===== DATASET CONTENT =====

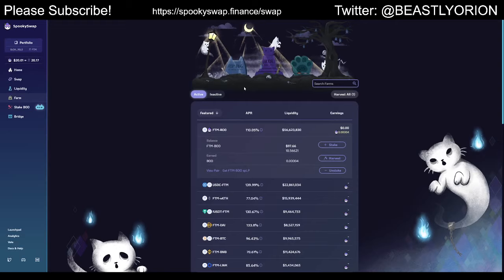The APR does change over time. The emission schedule for the BOO token goes down over time, so you're going to be incentivized less and less to provide liquidity to these pools. Also, as more people provide liquidity because you can make so much money right now, the amount of money you specifically can make will go down over time because everyone's competing for the rewards.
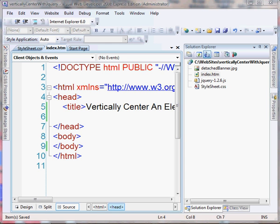Hey everybody, it's Jeffrey with Detached Designs. In this lesson, I'm going to show you how you can vertically center an element or an image using a bit of jQuery. If you use CSS, you know it's pretty simple to horizontally center an element just by setting the margin to auto, but that does not work for vertically centering. So I'm going to show you a way to center an image in the window using a bit of jQuery.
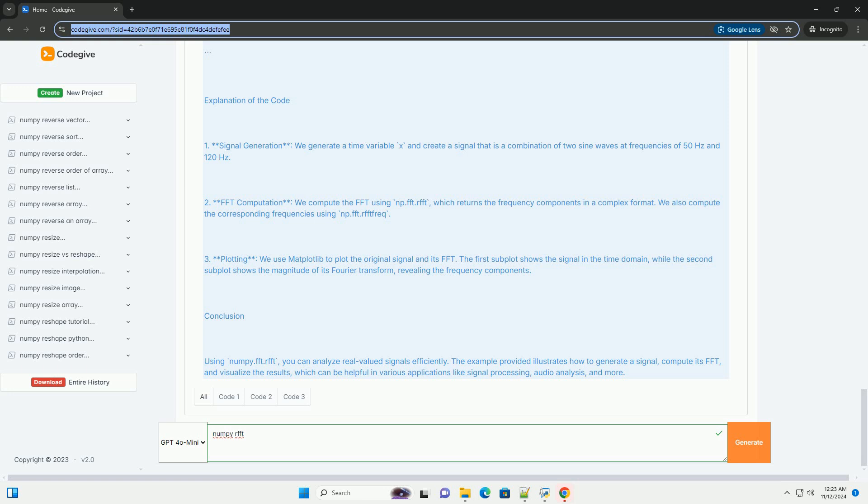Example usage. Here's a step-by-step tutorial with a complete example. One, import libraries - we need to import NumPy for numerical operations and matplotlib for plotting. Two, generate a signal - we can create a simple sinusoidal signal.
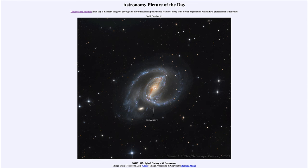Type 2 supernovae come from only extremely massive stars. A star like our own Sun has no chance to become a supernova like this, because it simply does not have enough material within it to build up, become unstable in its core, and explode. Other stars can become a Type 1 supernova.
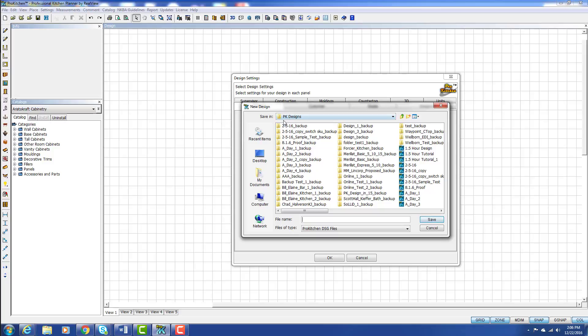I have a ProKitchen design folder already set up in my documents and it takes me right to that folder every time.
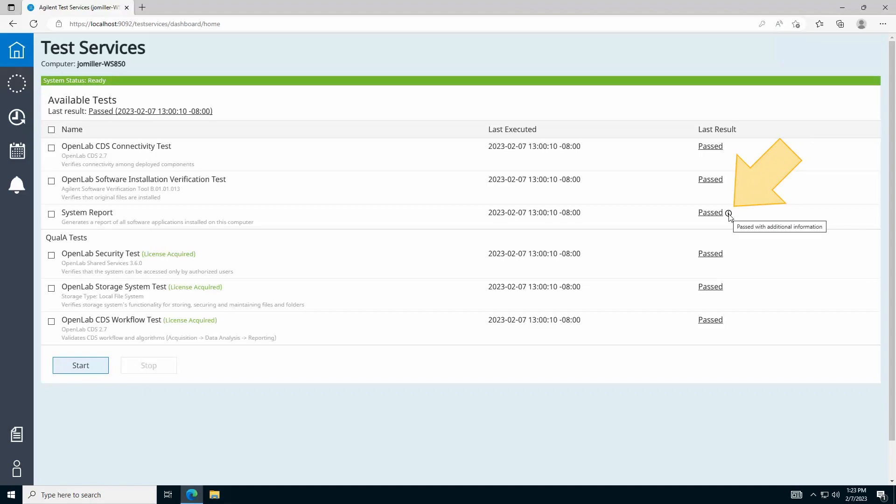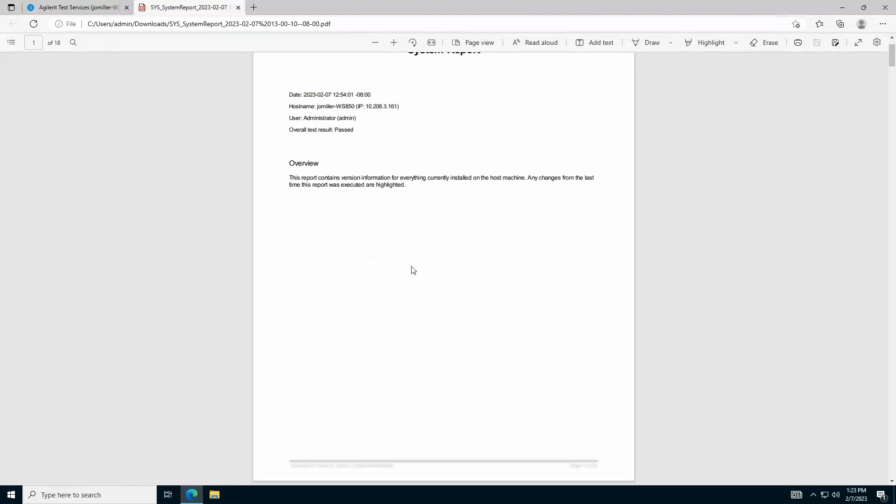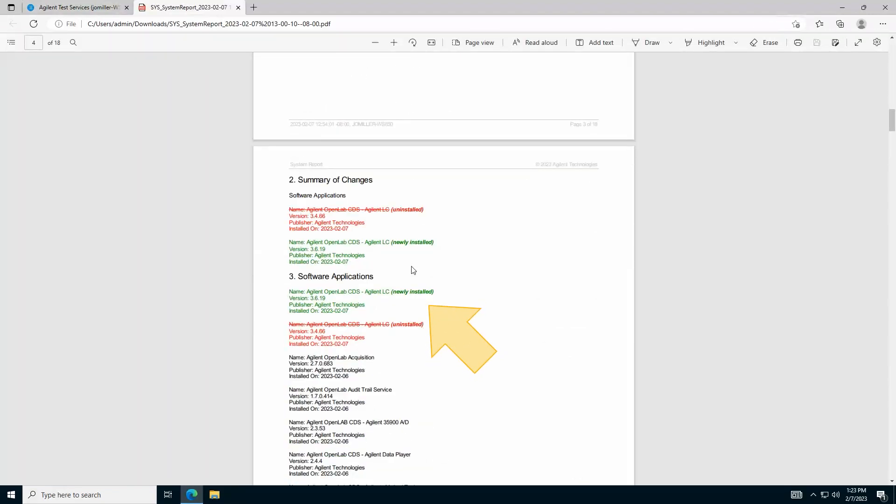Information icons like this indicate that additional information is available in the report. In this example, you see that the report highlights a newly installed driver for Agilent LC instrument control.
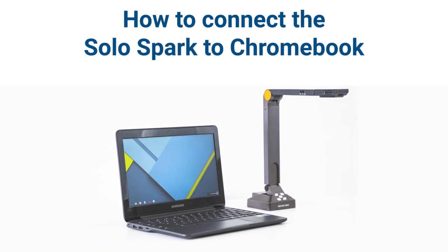In addition to Mac and PC compatibility, the Hovercam Solo Spark is compatible with Chromebooks. Follow these simple steps to connect your document camera and use it with your Chromebook.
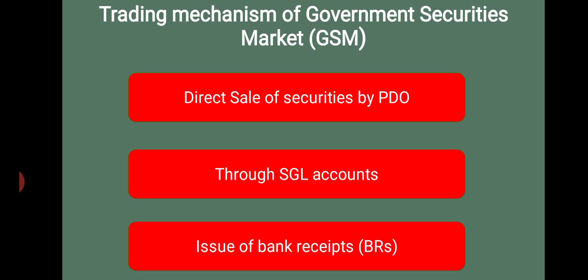The second mechanism is through SGL accounts — Securities General Ledger. Under this system, the selling bank fills up the prescribed SGL form and submits it to the RBI to complete the transaction. With the help of the SGL form, one can enter particulars in the securities ledger account, along with the date and value at which the transaction has taken place. The third mechanism is the issue of Bank Receipt. In most cases, the selling bank issues a bank receipt to avoid physical transfer of securities. This method does not require filling up the SGL form and submitting it to the RBI.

=====

▶ [PROBLEM STATEMENT] Go to the line above that has "Hey everybody, it's" and copy exactly from there down to the line that has "Example usage. Here's", both included. Leave the pictures out.

▶ [TASK ANSWER]
Hey everybody, it's Jeffrey with Detached Designs. In this lesson, I'm going to show you how you can vertically center an element or an image using a bit of jQuery. If you use CSS, you know it's pretty simple to horizontally center an element just by setting the margin to auto, but that does not work for vertically centering. So I'm going to show you a way to center an image in the window using a bit of jQuery.
Example usage. Here's a step-by-step tutorial with a complete example. One, import libraries - we need to import NumPy for numerical operations and matplotlib for plotting. Two, generate a signal - we can create a simple sinusoidal signal.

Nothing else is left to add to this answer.